I don't seem to know what category I fall into... Maybe its _I can cook but_ my menu is very limited. I can make excellent paneer masala, mutter-paneer, chicken biryani, roast chicken masala, etc. and some other odd dishes.  

I also experiment with food, and I made some good stuff. Like once I tried to make some chicken dish, just improvised with spices and marinated the pieces in yogurt.
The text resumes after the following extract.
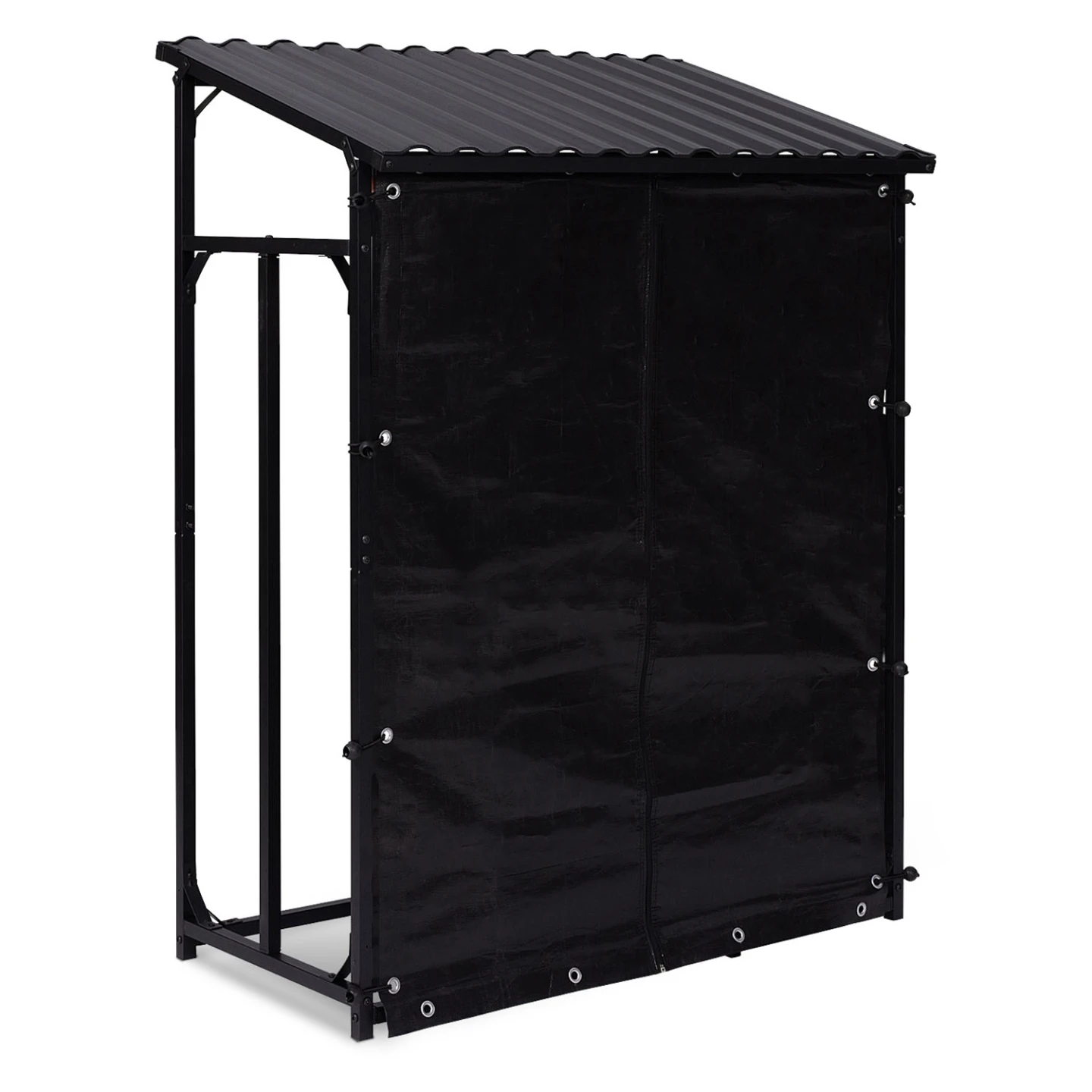 Abri de stockage en acier galvanisé pour bûches L.111 cm avec housse de protection 150 gr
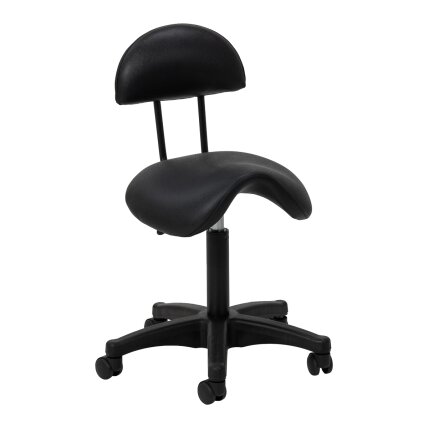 Professional master chair-saddle for beauticians 6001, black with black base Professional master chair-saddle for beauticians 6001, black with black base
It turned out to be mindblowing (so much for modesty). 


@Metalhead, I'm not being a male chauvinistic pig, but I read it somewhere once that the best chefs in the world are men.


----------



## Pathik (May 28, 2008)

dheeraj_kumar said:


> INSTANT FOODS LIKE MAGGI EXCLUDED!!!!!!
> 
> That goes for you pathik.



BTW, I can also make great Sandwiches, Lassi & toast the Pav's for Pav Bhaji. Does it count now?


----------



## ray|raven (May 28, 2008)

^Lolz.


----------



## dOm1naTOr (May 28, 2008)

being a keralite, i can do some south Indian ones like Sambar, idli, doosa, uppumaav[wat to call it in english???ahh got it: saltmangotree!!!!] 
nd im a veg, so dun need to learn ny non veg. Also makes coffee, tea etc
caution: I cook only when im starving


----------



## koolbluez (May 28, 2008)

Does making great tea/coffee count as cooking?


----------



## karmanya (May 28, 2008)

. Want chinese or italian? I'm your guy. Want to commit suicide- eat my indian food


----------



## praka123 (May 28, 2008)

dheeraj_kumar said:


> ^^ you can get those pav buns in supermarkets... and make the bhaji yourself...



oh boy!u got it !I am doing the same.  I got everest or someother pav bhaji masala and thats it!


----------



## koolbluez (May 28, 2008)

Pathik said:


> If Maggi counts, then me.


Maggie's weak in Maths... she can't count.... so u cant cook


----------



## Ethan_Hunt (May 28, 2008)

I could cook to some extent but not now.I had my mom force me into making Chappati's & Egg Omlette.I had a good practice but now lost all touch from it.I have to learn though as my dad is an expert cook & need a lot of time & patience to take tips from him.


----------



## tarey_g (May 28, 2008)

Idhar to maggie banana bhi nahi aata


----------



## Plasma_Snake (May 28, 2008)

Cooking is my third favorite thing or you can say hobby after Gaming and reading books.
Can make all the usual stuff and like to try new dishes in vacations.


----------



## iNFiNiTE (May 28, 2008)

I can cook most of the veg dishes, and can arrange a decent morning breakfast too.


----------



## Pathik (May 28, 2008)

koolbluez said:


> Maggie's weak in Maths... she can't count.... so u cant cook



Yea. Maybe. But Maggie Q is surely hot. Isnt it?


----------



## y2j826 (May 28, 2008)

i know how to eat only, not more then that . . .


----------



## SunnyChahal (May 28, 2008)

Tea,Coffee,Chapatis,chilly Paneer,shakes,pasta are all i can manage to cook.I prefer eating though because I am awful at cooking.
But i cook good Paneer


----------



## kumarmohit (May 28, 2008)

Hmm lets see:
Chai i know but i do not drink.
Can boil eggs,
Can boil rice,
Can boil potatoes.
Can make aloo tikkis, (frying)

Does maggi count?

Challi bhoon sakata hoon. (roast)
My cooking primarily revolves around boiling but I can fry 1 thing and roast 1 thing too.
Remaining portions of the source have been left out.